第1楽章、お馴染みのホルンの斉奏は張りのある響きで掴みはバッチリ。 引き締まったオケの響き、それを裂くような強いタッチによる喜多さんのピアノが鳴り響きました。 ピアノという楽器全体を存分に鳴らし、高音へと駆け上る鍵盤を払いのけるような勢いのある演奏で会場を魅了。 ちょっと弾き飛ばし気味かな、と思いましたけれど、曲への想いの籠ったエネルギー感というのかな、それを強く感じました(単に荒っぽい演奏とは違いますね)。 井村さんに率いられたオケは丁寧に付けている感じ。 ティムパニの一撃で盛り上がった場面のみ、井村さんらしい昂揚感ある盛り上げ方をしましたけれど、基本丁寧な伴奏でしたね。 それでもスケール感が小さくならない所がところがいい感じでした。 フィナーレはちょっと粘って力強く幕。
第2楽章、淡々としたピチカート、しみじみとしたフルート・ソロがなんとか最後まで持ち込んで、明るい響きのピアノに繋ぎました。 この後の木管アンサンブルやホルン、低弦などが見え隠れしつつ、情感をもって曲が進みます。 奮闘するも何となくぎこちないオケの響きに、逆にこんなフレーズが隠れていたのね、なんて気付いたりもしました。 しみじみとさせながらも根っこのところは明るさが滲み出ている音楽を楽しみました。
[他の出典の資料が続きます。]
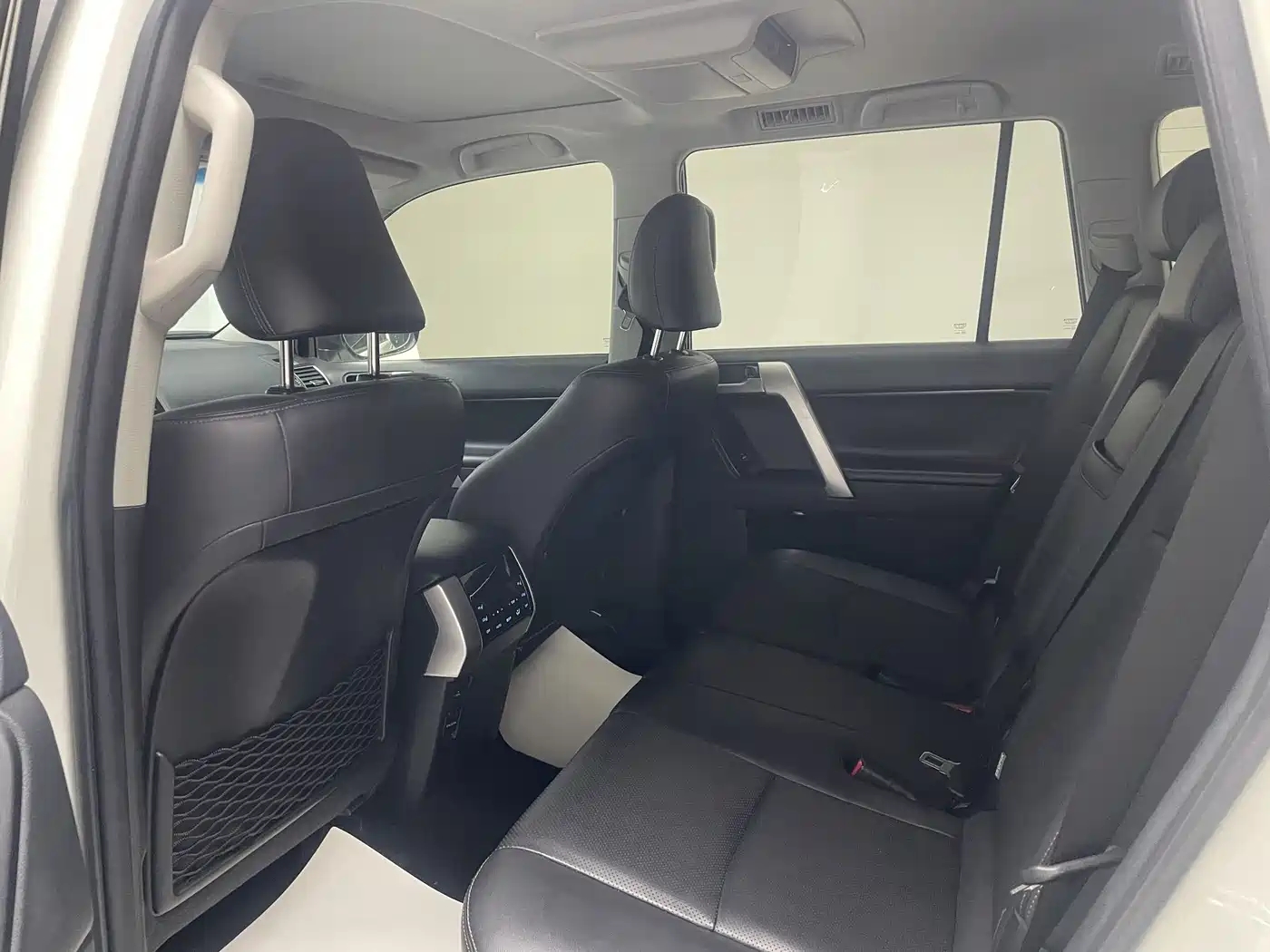 Toyota Prado 2019 3.5L Automatic TX-L Zunxiang Edition фото 17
第3楽章、引き締まったオケの響きに、煌びやかでリズミカルなピアノの饗宴という感じだったでしょうか。 先ほどまでと違ってオケは自信を持ってタイトに走り、ゆったりと粘った響きとして、力強いタッチのピアノソロと渡り会っていました。 井村さん、左手を手刀にしてスパっと切っては、きちんと繋いでゆくような感じかな。 フィナーレ、喜多さんのヴォルテージはうなぎ上り。 締めの前にバンザイもしたのには驚きましたが、雄大に響かせたオケとともに豪快に締めを決めて、会場より大きな拍手が湧きあがありました。 途中色々とありましたけれど、エネルギッシュで感動的な幕切れに色々な事が吹き飛んだ、そんな感じでもありました。 当方も大きな拍手を送りました。
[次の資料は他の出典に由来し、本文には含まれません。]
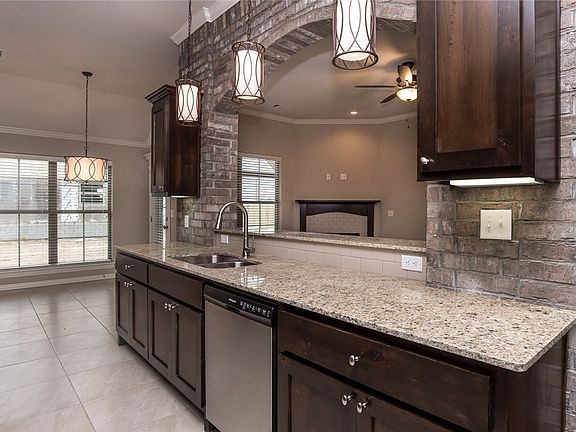 2nd image of 4004 SW Roundstone Blvd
アンコールはショパンのマズルカ 第3番、繊細かつ思索的な演奏として会場を惹きつけていました。
15分間の休憩。 2階席の脇で立見されていた方もいましたが、なんとか席を確保されたみたい。 ほぼほぼ満席の大盛況であります。
後半はコンサートミストレスに交代。 コントラバスも7本に戻って 14-13-11-10-7 の編成です。 チューニングを終えて準備完了。 井村さんが拍手に包まれて登場。 コンミスと握手したあと登壇、客席に一礼してラフマニノフの交響曲第2番が始まります。
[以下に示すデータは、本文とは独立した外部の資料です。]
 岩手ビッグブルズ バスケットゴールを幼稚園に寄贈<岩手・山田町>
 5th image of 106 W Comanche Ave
第1楽章、低弦の方を向いて一振り、奥行きのある響きを導き出したあと、高音弦を向いて甘美なメロディを奏でて郷愁を誘う見事な開始。 常に低弦の響きが絡む練り込まれた素晴らしい弦楽アンサンブルに酔いしれました。 コールアングレの音色も素晴らしかったですね。 井村さんらしいロマンを漂わせた演奏にどっぷりと浸かりました。 冗長であるとして作者が承認したカット版も存在する長大な曲ですが全曲版でしかも主題呈示部までも反復。 これでもかっていう感じですが、この曲が好きな当方にとっては素適な時間が延々と続いて大満足。 クラリネットのソロやヴァイオリンのソロも素敵でしたよ。 エンディグも情感を込めていたものの意外とコンパクトに巧く纏めていました。
第2楽章、ヴァイオリンが刻むなかホルンの勇壮な響きながらスマートでカッコ良い幕開け。 軽快に走ってゆきますが、すっと退いてクラリネットの柔らかな響き。 そして哀愁を含んだ弦楽アンサンブルが大きく包み込むよう。 そしてまた勇壮なホルンが戻ってきてカッコ良かったですね。
そして井村さんの踏み込みの強さそのまま場面転換を見事に決めました。 タイトな音楽、緻密ながら力感あるアンサンブル。 常に低弦が曲を支えているし、チューバやバス・トロンボーンなど低音金管楽器もいい感じで絡んでいて素晴らしい。 要所をバッチリと決めつつ走ってスピード・アップ。 カッコ良い音楽です。 最後はそっと纏めてまた見事でした。
第3楽章の前にチューニングを実施しましたが、冒頭やや乱れてちょっと残念な開始となりましたが、懸命に繋いでロマンティックなメロディを紡ぎます。 クラリネットのソロに弦楽アンサンブルの音量がやや大きい?(ソロが音量小さい?)。 ここもちょっとチグハグな感じを持ちましたけれど、大きく歌い上げる場面にて軌道修正完了。 しだいに熱気も帯びてきました。 ぐっとタメを効かせて盛り上げたピーク、これをすっと退かせて各ソロがしっとりと歌って情感たっぷり。 美しい音楽が次第に雄大になり、最後は濃厚なロマンを感じさせて締め括りました。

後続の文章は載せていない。